▶ Task to complete
Reproduce, exactly, the lines of the material below from the line containing "Redneck üst barebacks genç alt içinde otelde" through the line containing "Andalucía se mantiene", with both end lines included and nothing else.

□ □ □ □

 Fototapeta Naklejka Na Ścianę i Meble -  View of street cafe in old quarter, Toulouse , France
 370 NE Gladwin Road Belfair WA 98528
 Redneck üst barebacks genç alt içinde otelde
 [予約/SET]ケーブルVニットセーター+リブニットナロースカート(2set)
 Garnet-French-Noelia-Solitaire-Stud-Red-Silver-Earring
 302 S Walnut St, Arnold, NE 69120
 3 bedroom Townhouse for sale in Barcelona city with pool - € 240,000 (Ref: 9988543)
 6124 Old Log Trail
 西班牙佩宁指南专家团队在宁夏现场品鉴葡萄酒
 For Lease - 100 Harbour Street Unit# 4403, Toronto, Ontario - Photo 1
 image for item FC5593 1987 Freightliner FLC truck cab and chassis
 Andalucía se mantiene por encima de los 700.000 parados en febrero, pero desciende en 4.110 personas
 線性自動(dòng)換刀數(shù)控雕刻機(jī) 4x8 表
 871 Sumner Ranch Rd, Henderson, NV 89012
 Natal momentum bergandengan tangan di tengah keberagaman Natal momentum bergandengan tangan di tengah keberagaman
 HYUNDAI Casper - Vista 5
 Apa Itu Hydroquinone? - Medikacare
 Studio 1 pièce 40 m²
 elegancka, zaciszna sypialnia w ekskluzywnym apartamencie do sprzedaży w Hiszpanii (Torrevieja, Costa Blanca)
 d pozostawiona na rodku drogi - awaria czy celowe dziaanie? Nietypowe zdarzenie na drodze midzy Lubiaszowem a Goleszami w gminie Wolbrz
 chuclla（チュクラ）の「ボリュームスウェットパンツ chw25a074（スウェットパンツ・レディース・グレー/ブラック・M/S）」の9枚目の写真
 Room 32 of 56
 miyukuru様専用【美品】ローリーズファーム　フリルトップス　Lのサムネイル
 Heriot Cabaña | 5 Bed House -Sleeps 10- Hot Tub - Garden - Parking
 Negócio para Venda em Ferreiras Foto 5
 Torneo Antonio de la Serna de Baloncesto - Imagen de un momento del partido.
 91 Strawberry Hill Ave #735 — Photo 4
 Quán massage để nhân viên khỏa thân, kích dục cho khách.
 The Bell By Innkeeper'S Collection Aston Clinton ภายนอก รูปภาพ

□ □ □ □

▶ Solution
 Redneck üst barebacks genç alt içinde otelde
 [予約/SET]ケーブルVニットセーター+リブニットナロースカート(2set)
 Garnet-French-Noelia-Solitaire-Stud-Red-Silver-Earring
 302 S Walnut St, Arnold, NE 69120
 3 bedroom Townhouse for sale in Barcelona city with pool - € 240,000 (Ref: 9988543)
 6124 Old Log Trail
 西班牙佩宁指南专家团队在宁夏现场品鉴葡萄酒
 For Lease - 100 Harbour Street Unit# 4403, Toronto, Ontario - Photo 1
 image for item FC5593 1987 Freightliner FLC truck cab and chassis
 Andalucía se mantiene por encima de los 700.000 parados en febrero, pero desciende en 4.110 personas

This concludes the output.